Jungle Book Reimagined d'Akram Khan au Châtelet
© Ambra Vernuccio / Théâtre du Châtelet

La trame du spectacle est guidée par le film d’animation imaginé par l’artiste Naaman Azhari et le studio Yeastculture. Les voix des animaux, préenregistrées, sont diffusées et interprétées par les dix danseurs sur scène dans une chorégraphie un rien gesticulante qui sert de playback au film. La mise en scène, assez paresseuse, aurait pu davantage travailler le mouvement de certains animaux (quel dommage que Kaa soit interprété par une succession de boîtes en carton !) et ne pas se cantonner à un sous-texte du film.
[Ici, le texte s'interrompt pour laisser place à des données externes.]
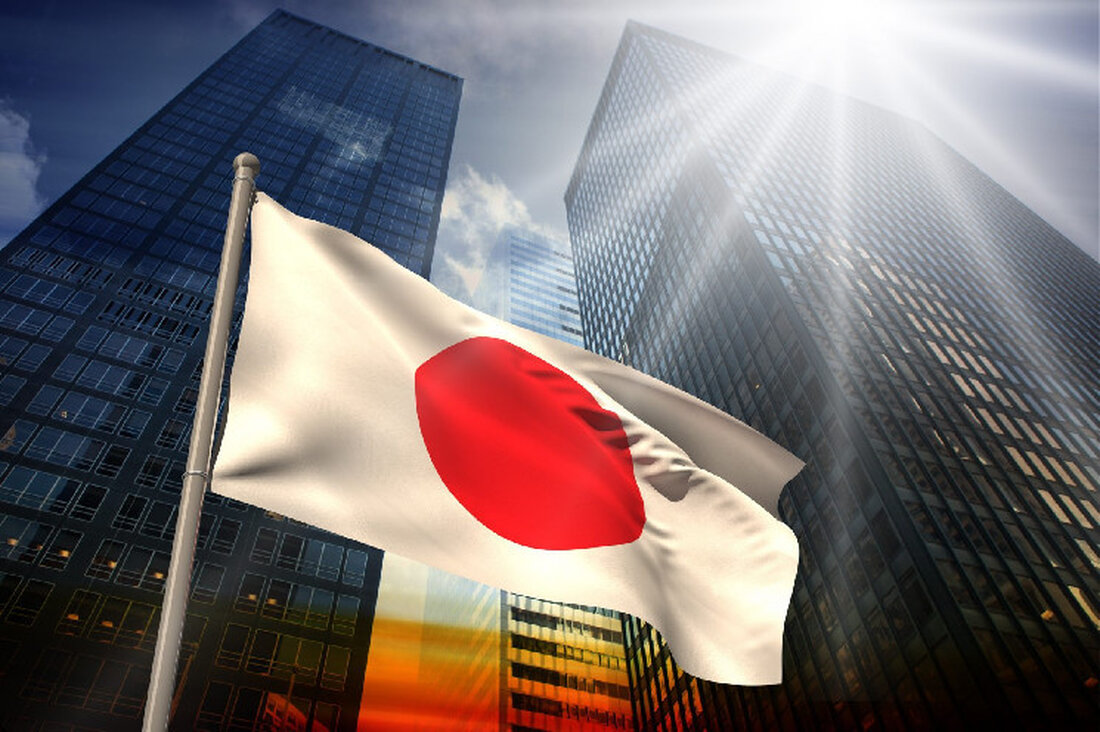 In Japan gewinnt die Adoption von XRP zunehmend an Dynamik. Besonders hervorzuheben ist die Verbindung zwischen der Kryptowelt und dem Immobiliensektor, die durch das renommierte japanische Immobilienunternehmen Open House weiter gestärkt wird. Open House hat sich in der Branche einen Namen gemacht und zeigt großes Interesse daran, innovative Technologien in seine Geschäftspraktiken zu integrieren. Die Verwendung von XRP, einer digitalen Währung, die für schnelle und kosteneffiziente Transaktionen bekannt ist, könnte eine Revolution in der Art und Weise darstellen, wie Immobilienkäufe und -verkäufe abgewickelt werden. Durch die Verbindung von Krypto und Immobilien könnten Käufer und Verkäufer von schnelleren Transaktionszeiten und geringeren &hellip;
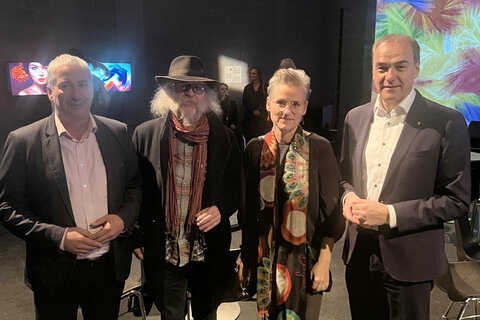 Landesrat Dr. Leonhard Schneemann eröffnete die Vernissage und Ausstellung „7 x Digital“ im Offenen Haus in Oberwart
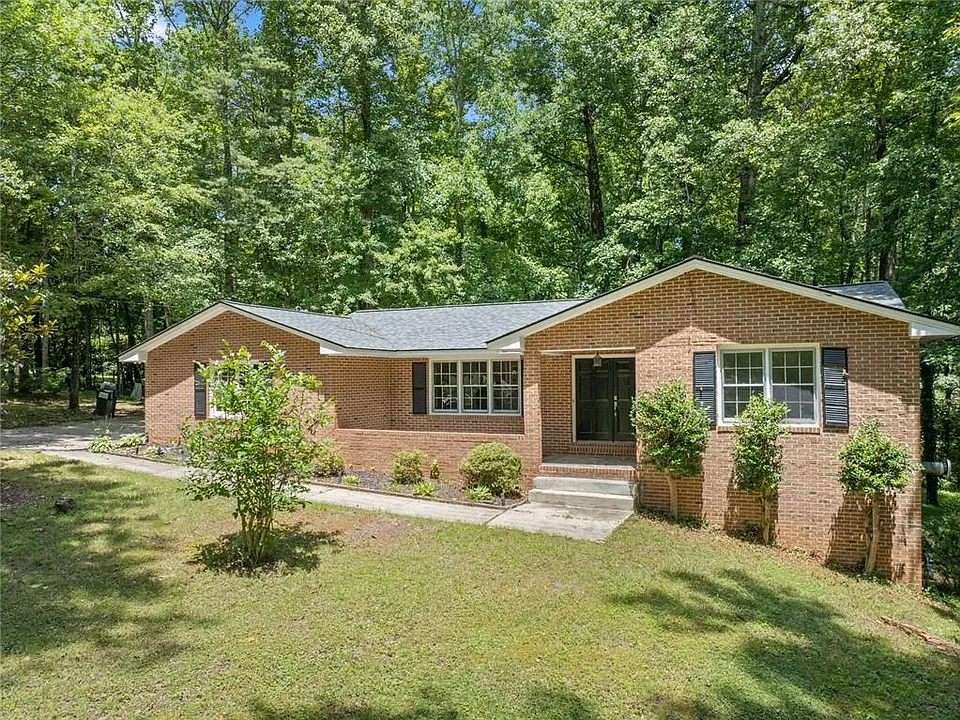 20 Pine Lake Dr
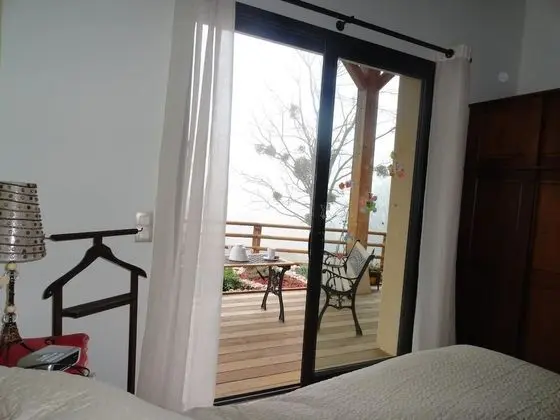 Üç Kişilik Oda (Meule de Foin)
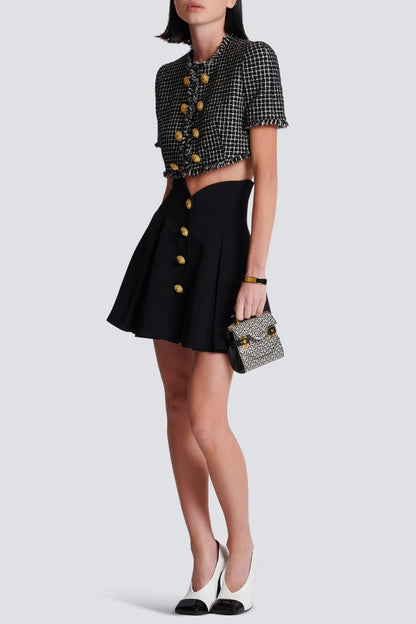 Well Tailored Garment with a Graceful Silhouette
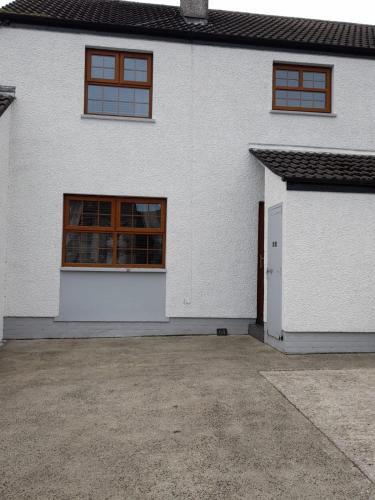 Maria's Place (Central Ballycastle 3 Bedroom)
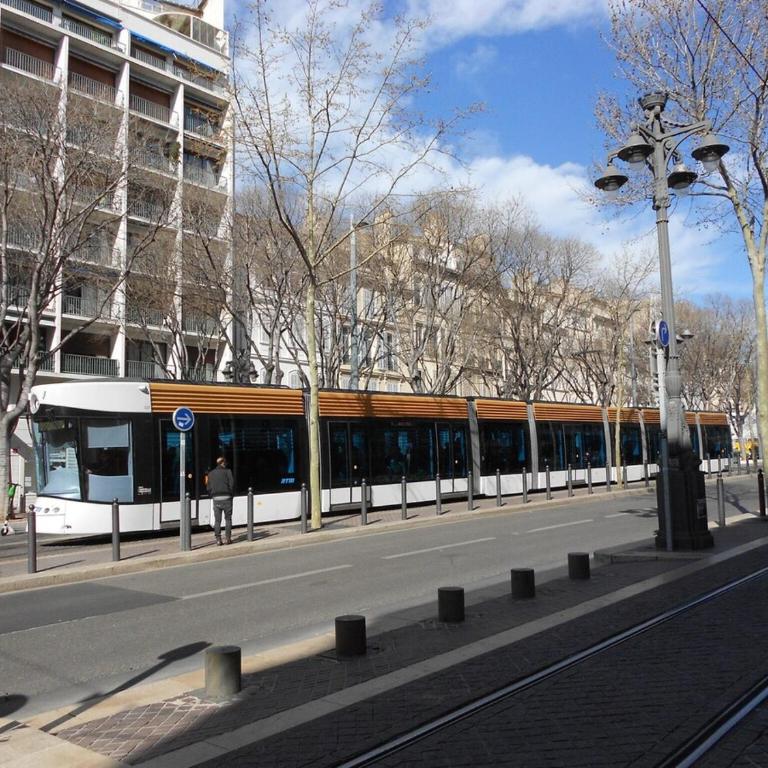 T4 2 ch avec bureau idéal déplacement pro et bail mobilité - Appartement 3 Chambres - 14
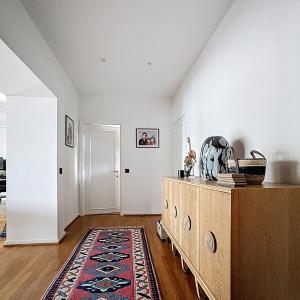 Louise, jardin du Roi, spacieux appartement de 205 m2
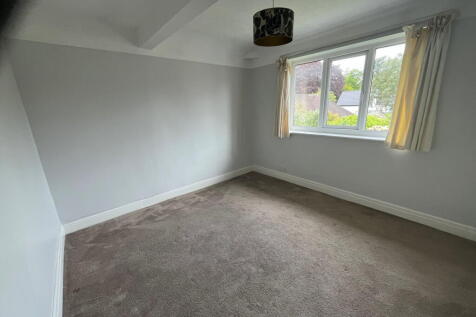 Sandown Drive, Sale, M33 4PF photo 4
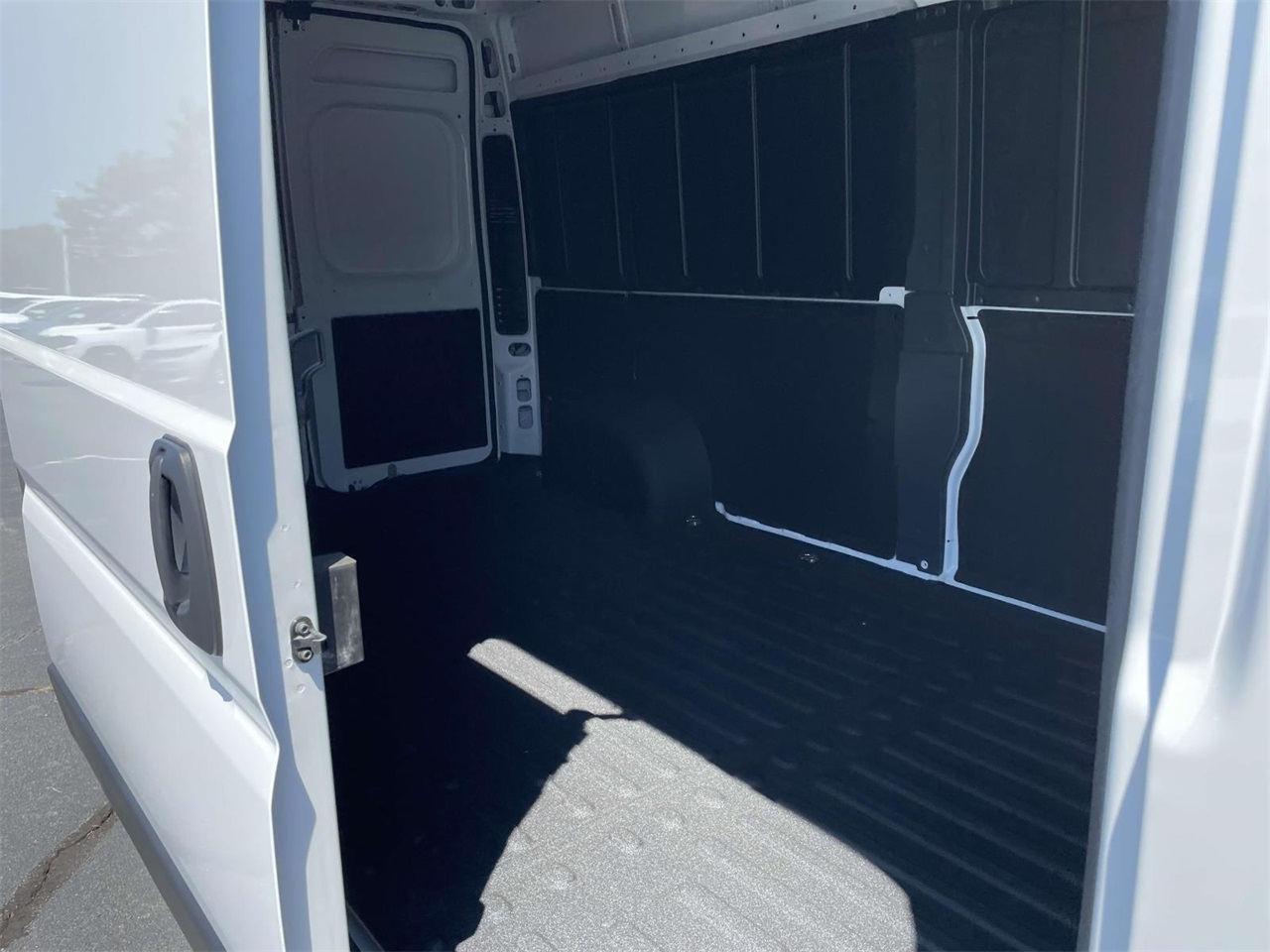 2025 Ram ProMaster 2500 photo 21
Malgré l’importance et la justesse de son message de convivialité entre la nature et les hommes, Jungle Book Reimagined trouve difficilement son public. La morale du conte est délivrée par la mère de Mowgli dans un langage très enfantin et la narration est trop monotone pour un public adolescent ou adulte. Pourtant, le spectacle programmé à des horaires tardifs en semaine est réservé aux plus de dix ans. Et pour cause : il faut pouvoir lire les sous-titres français, comprendre les références politiques (le fameux « how dare you ? » de Greta Thunberg que prononce Mowgli ou la parodie de la Chambre des Communes britannique par les singes déments), supporter quelques scènes d’effroi (lorsque des coups de feu sont tirés sur des animaux) et surtout, l’angoisse existentielle que procure l’état du monde. Il manque donc à ce conte une forme d’élévation et de poésie qui aurait pu le porter à hauteur d’adultes.